Supercare Services Group (Pty) Ltd v Du Plessis NO (C92/15) [2016] ZALCCT 9 [2016] 7 BLLR 717 (LC) (31 March 2016) per Steenkamp J.

The Labour Court reviewed and set aside a reinstatement award after deciding it was completely unreasonable.  The dismissal was not unfair.  The employee was alleged to have been in unauthorised possession of toilet rolls which were tossed over a fence and then collected by the employee.

‘The nub of the review is that the arbitrator did not consider the inherent probabilities, but fixated on the minor contradictions between the evidence of Ms Adams and that of Mr Jenkins’.

Excerpts without footnotes

[16] The arbitrator was faced with two mutually destructive versions – that of the employer, that the employee had stolen its toilet paper; and that of the employee, which was a bare denial.

[17] As the court held in Sasol Mining (Pty) Ltd v Ngqeleni NO one of the Commissioner’s prime functions was to ascertain the truth as to the conflicting versions before him.

[18] The manner in which arbitrators should resolve such disputes has often been outlined in terms of the technique set out by the SCA in SFW Group Ltd v Martell et cie

“The technique generally employed by courts in resolving factual disputes of this nature may conveniently be summarised as follows.  To come to a conclusion on the disputed issues a court must make findings on

(a) the credibility of the various factual witnesses;

(b) their reliability; and

(c) the probabilities.”

[19] The arbitrator did not weigh up the credibility and reliability of the employer’s witnesses as against that of the employee; neither did he consider the probabilities.

[20] Instead, the arbitrator focused on the contradictions between the versions of Adams and Jenkins.  He did not, in his award, explain how those versions were contradictory.  It is left for the Court ex post facto to gather that from the transcript.  In fairness to the arbitrator, some contradictions are indeed apparent: .  .  .  .

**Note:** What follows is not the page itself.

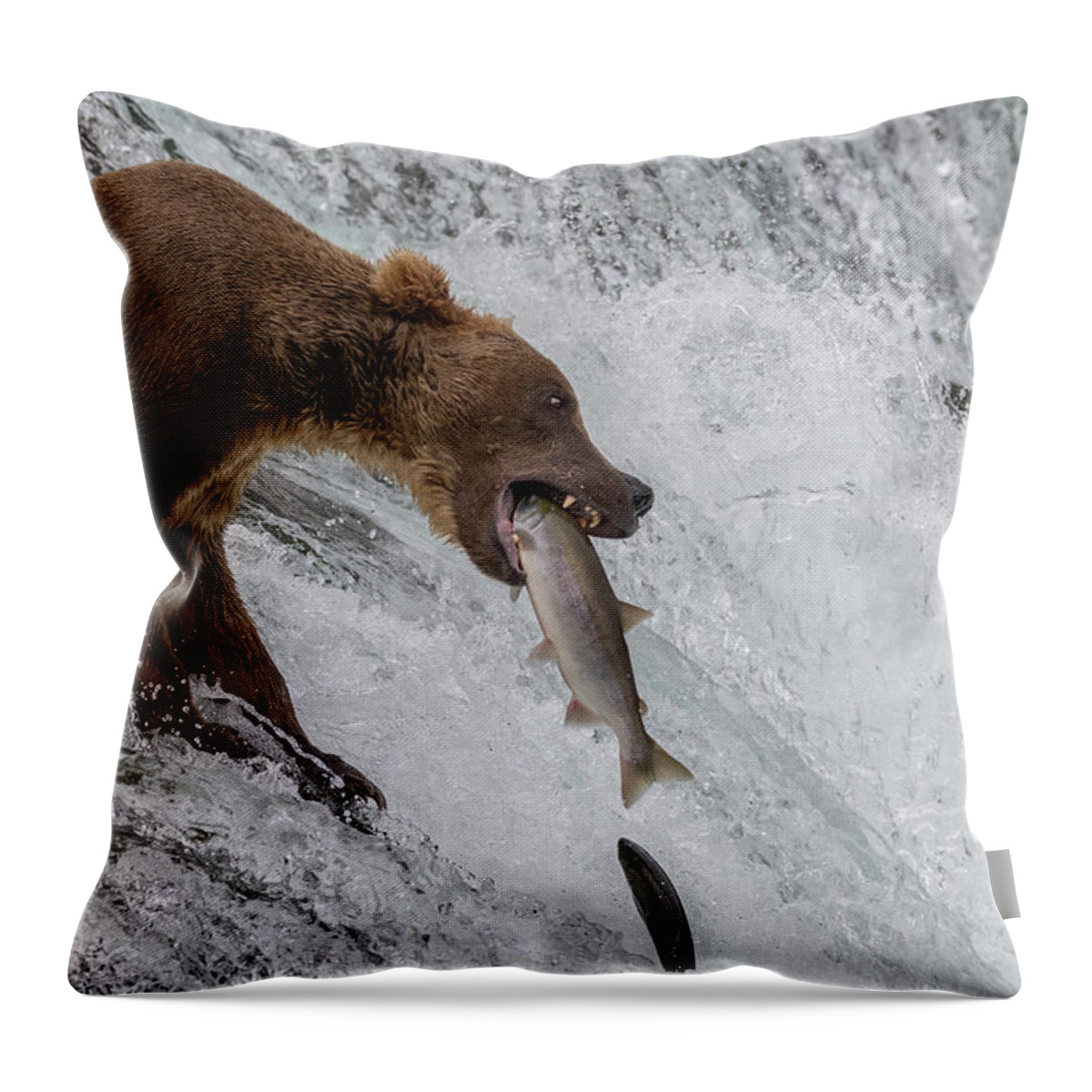 Bear Throw Pillow featuring the photograph Down the Hatch by Randy Robbins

[21] What the arbitrator does not do, is to consider the credibility of the employee; or the inherent improbability of his bald denial.  Both Jenkins and Adams testified that they saw the employee with the black bag and that the bag contained toilet paper.  There was no reason for Jenkins to make up such a story.  He did not even know the employee.  He only learned his name when Adams, the co-employee, told him.  There was also no reason for Adams to make up the story.  In fact, she did not want her identity to be disclosed.  She had no bone to pick with the employee.

.  .  .  .  .

[25] In summary, the arbitrator did not consider the probabilities against the background of the credibility and reliability of the witnesses.  On the probabilities, the only inescapable inference is that the employee did indeed steal the toilet paper.  That is, in my view, the only reasonable conclusion that an arbitrator could have come to on the evidence before him or her.